Furthermore, the attacker covered their tracks on the initial payload with an innocuous paragraph in the README. ("Nothing to see here!")
bad-3-corrupt_lzma2.xz has three Streams in it. The first and third
streams are valid xz Streams. The middle Stream has a correct Stream
Header, Block Header, Index and Stream Footer. Only the LZMA2 data
is corrupt. This file should decompress if --single-stream is used.
The strings of `####Hello####` and `####World####` are there so that if you actually follow the instructions in the README, you get a seemingly valid result.
They're shell comments so it won't interfere with payload execution.
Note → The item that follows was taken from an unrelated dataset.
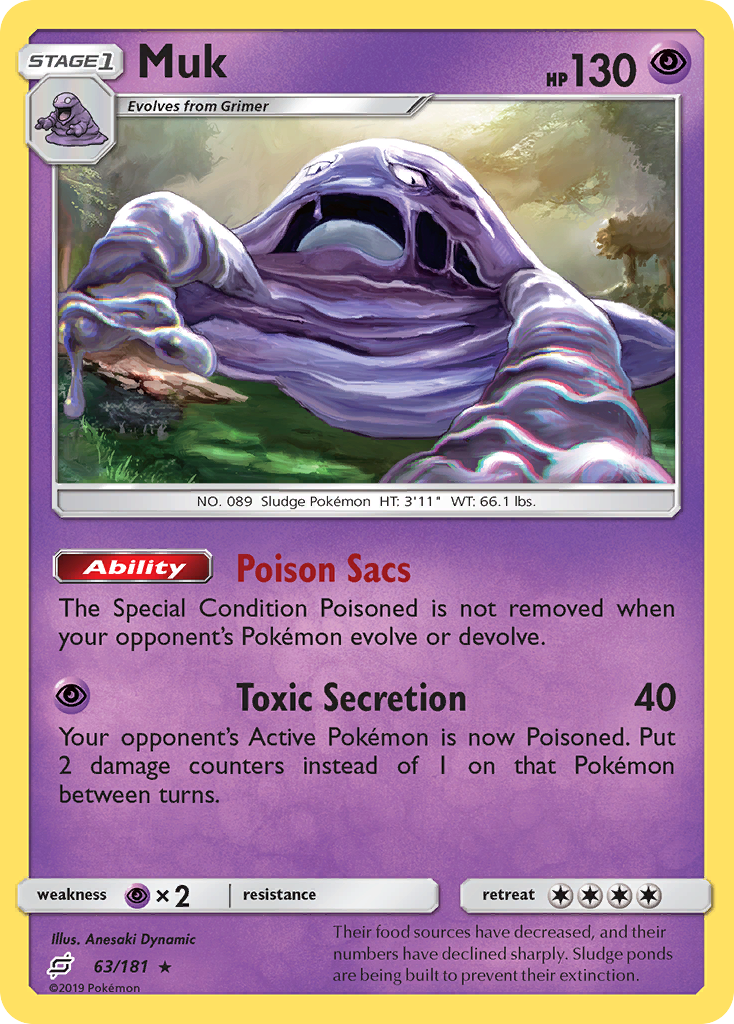 Muk (63/181) [Sun & Moon: Team Up] | Good Games North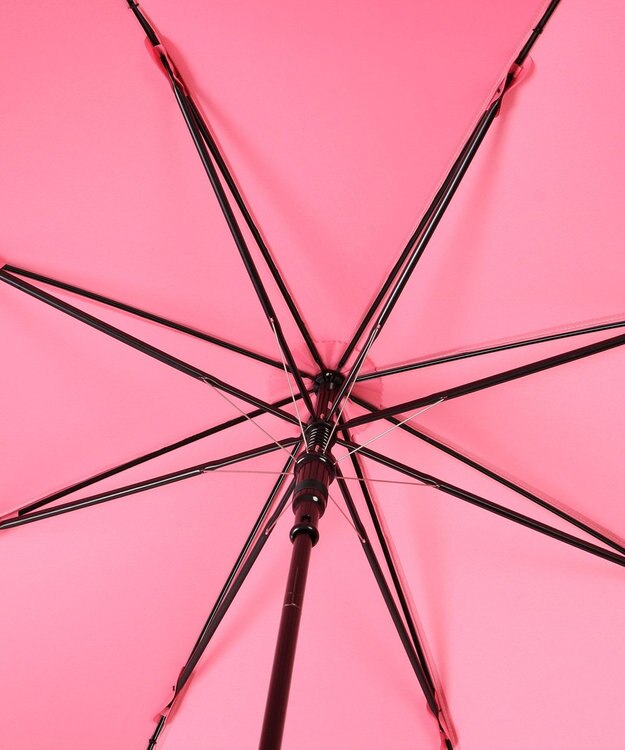 MOONBAT POLO RALPH LAUREN(ポロ ラルフローレン) 長傘 ワンポイントロゴ／日本製 ジャンプ傘 ピンク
And lastly, they act as a marker that can be used by a later regex to locate the file _without_ referencing it by name directly nor using the actual Hello and World strings.
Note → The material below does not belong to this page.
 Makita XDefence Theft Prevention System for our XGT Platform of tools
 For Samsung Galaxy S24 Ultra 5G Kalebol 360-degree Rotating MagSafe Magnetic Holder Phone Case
For security critical projects, it seems like it would make sense to try to set up the build infrastructure to error (or at least warn!) when binary files are being included in the build. This should be done transitively, so when linux distros attempted to update to this new version of liblzma, the build would fail (or warn) about this new binary dependency.
I don't know how common this practice is in the linux distro builds. Obviously if it's common, it would take a lot of work to clean up to make this possible, even if it's even possible in the first place. It seems like something that would be doable with bazel, but I'm not sure about other build systems.